Domestication of Animals
The domestication of animals was a landmark moment in the development of human civilization. Animals served a variety of benefits. They provided food, companionship, labor, transportation, and protection. Civilization meant warfare. Animals became tools of war as well.
Horses have long been symbols of power, strength, friendship, and grace. They were fundamental tools of warfare until the 20th Century. The importance of horses in warfare is shown in the famous biblical scene of the pharaoh chasing after Moses:
A chariot was a two-wheeled vehicle pulled by horses.

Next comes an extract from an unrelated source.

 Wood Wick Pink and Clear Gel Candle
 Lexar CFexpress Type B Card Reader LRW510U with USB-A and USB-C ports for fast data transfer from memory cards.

Historians estimate this scene to have taken place around 1250 BCE. Let us take a deep dive into horses in Ancient Egypt.
Horses and Humans
Horses were alive millions of years ago. They traveled into the Americas over the same land bridge in Alaska that indigenous Americans eventually used as an ancient highway. Stone Age humans found horses fascinating. They were the top animals depicted in cave art.
The first human civilizations did not domesticate horses, even as they took advantage of the services of dogs, sheep, cattle, and other animals.
Horses largely died out at the end of the Ice Age. Horses still thrived on the steppes of Eastern Europe and Central Asia, where short grasses and shrubs grow on vast, dry stretches of land. About forty-five hundred years ago, humans in this region began to domesticate horses. Horses proved to be a game changer:
Horses were an order of magnitude faster than many of the transport systems of prehistoric Eurasia, allowing people to travel, communicate, trade, and raid across distances that would have previously been unthinkable.
A fundamental step forward involved the development of the wheel in Mesopotamia, located in the modern-day Middle East. By around 2000 BCE, the war chariot became a fearsome weapon.
Horses Come To Egypt
Ancient Egypt became a united kingdom over five thousand years ago. Horses, however, came thanks to a time they wished to forget.
Horses were not native to Egypt. Semitic people from the East arrived in Egypt in the 18th Century BCE. These “rulers of foreign lands” (Hyksos in Greek) began to challenge the authority of the native Egyptians. Egyptians eventually drove them out hundreds of years later.
The Hyksos might have lived in the times of the Bible stories of Joseph and his brothers. Historians are more sure that these “foreign invaders,” demonized by later Egyptian leaders, brought horses and chariots with them. Egyptians knew a good thing when they saw it.
One of the first depictions (about 1525 BCE) of horses in Ancient Egypt is appropriately an image showing how the Hyksos were defeated. Egyptians improved the speedy but dangerous Hyksos war chariots. Egyptians developed a light, swift, and more manageable version.
The Egyptian chariot had two wheels drawn by two horses. Two men rode in the chariot. The driver steered while a warrior could safely shoot arrows and other weapons.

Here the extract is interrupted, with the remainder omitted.